> Task instructions
All lines from the one holding "GREAT ANTIQUE CHINESE" through the last line of the entries below must be transcribed exactly, and no others. Pictures do not go in.
-- Opening Marker --
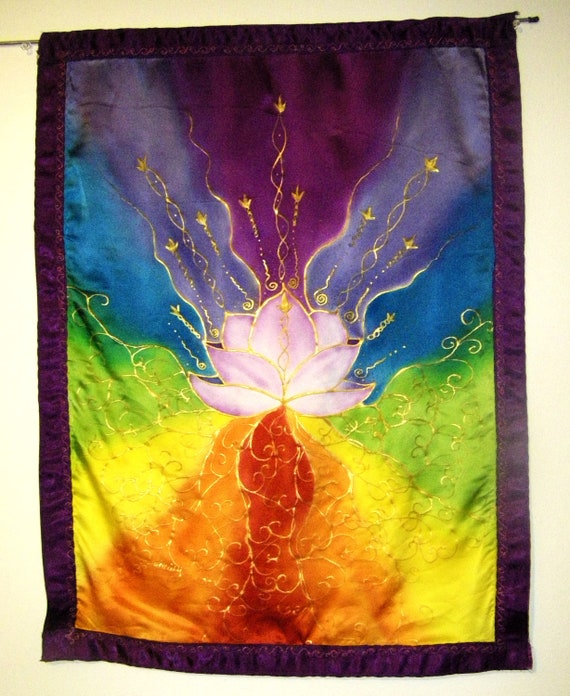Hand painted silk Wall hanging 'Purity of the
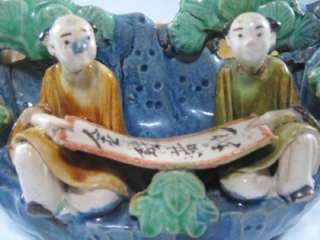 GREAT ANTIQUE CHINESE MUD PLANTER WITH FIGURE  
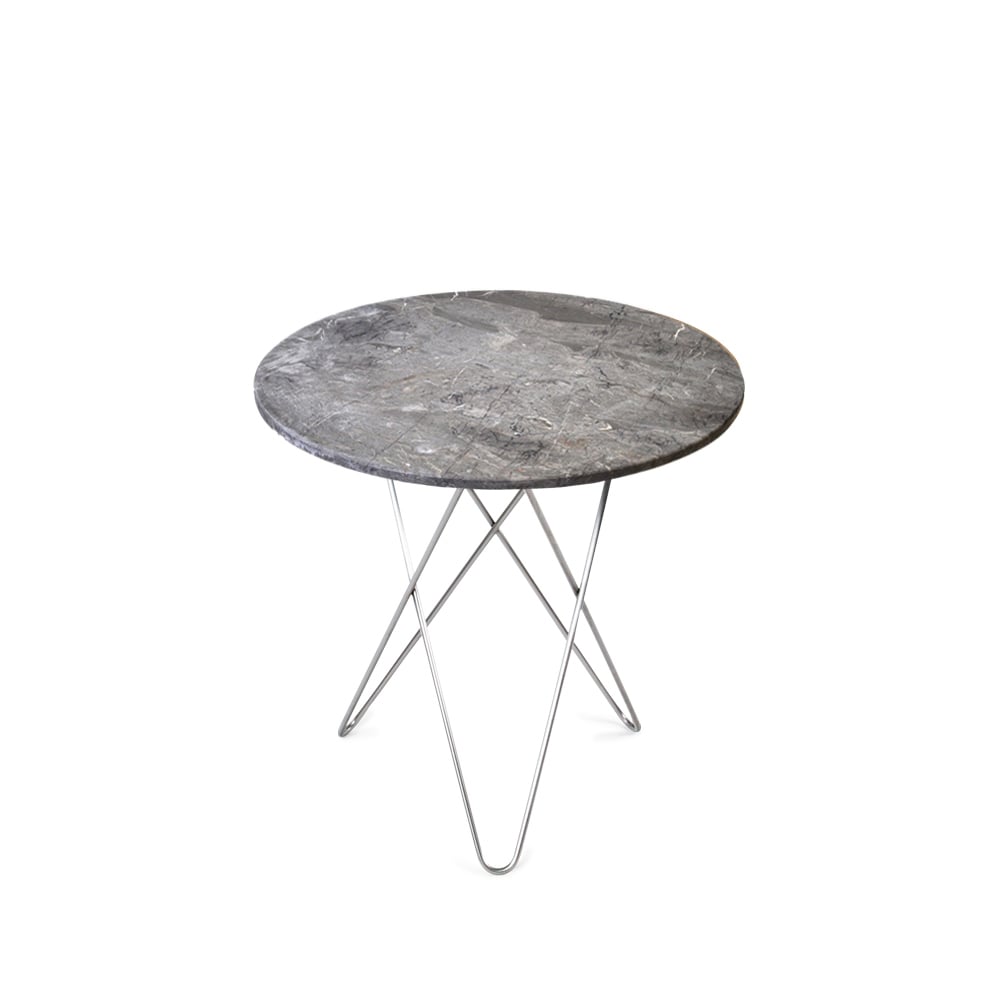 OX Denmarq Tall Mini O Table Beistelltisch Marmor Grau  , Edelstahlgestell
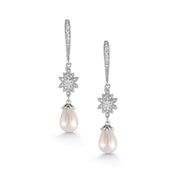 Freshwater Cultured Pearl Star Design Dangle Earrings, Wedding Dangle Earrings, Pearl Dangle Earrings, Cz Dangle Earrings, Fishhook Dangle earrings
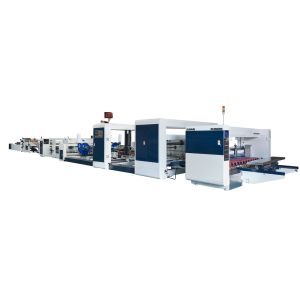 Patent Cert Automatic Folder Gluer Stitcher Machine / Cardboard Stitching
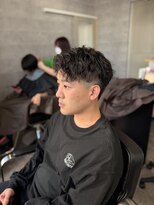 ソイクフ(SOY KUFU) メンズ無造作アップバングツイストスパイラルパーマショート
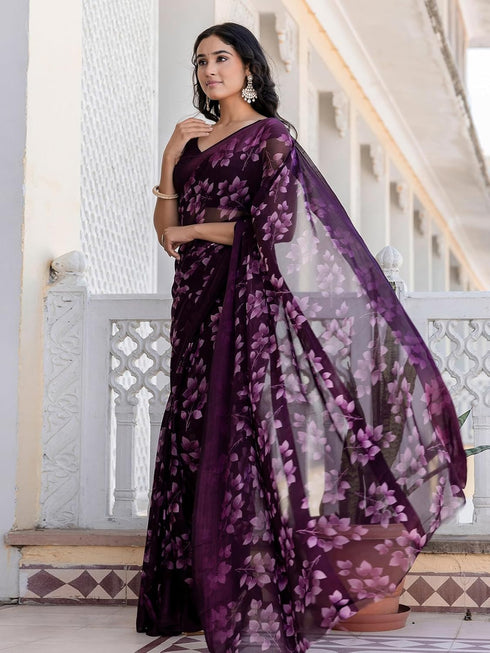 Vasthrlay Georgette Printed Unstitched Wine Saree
-- Closing Marker --
> Written reply
 GREAT ANTIQUE CHINESE MUD PLANTER WITH FIGURE  
 OX Denmarq Tall Mini O Table Beistelltisch Marmor Grau  , Edelstahlgestell
 Freshwater Cultured Pearl Star Design Dangle Earrings, Wedding Dangle Earrings, Pearl Dangle Earrings, Cz Dangle Earrings, Fishhook Dangle earrings
 Patent Cert Automatic Folder Gluer Stitcher Machine / Cardboard Stitching
 ソイクフ(SOY KUFU) メンズ無造作アップバングツイストスパイラルパーマショート
 Vasthrlay Georgette Printed Unstitched Wine Saree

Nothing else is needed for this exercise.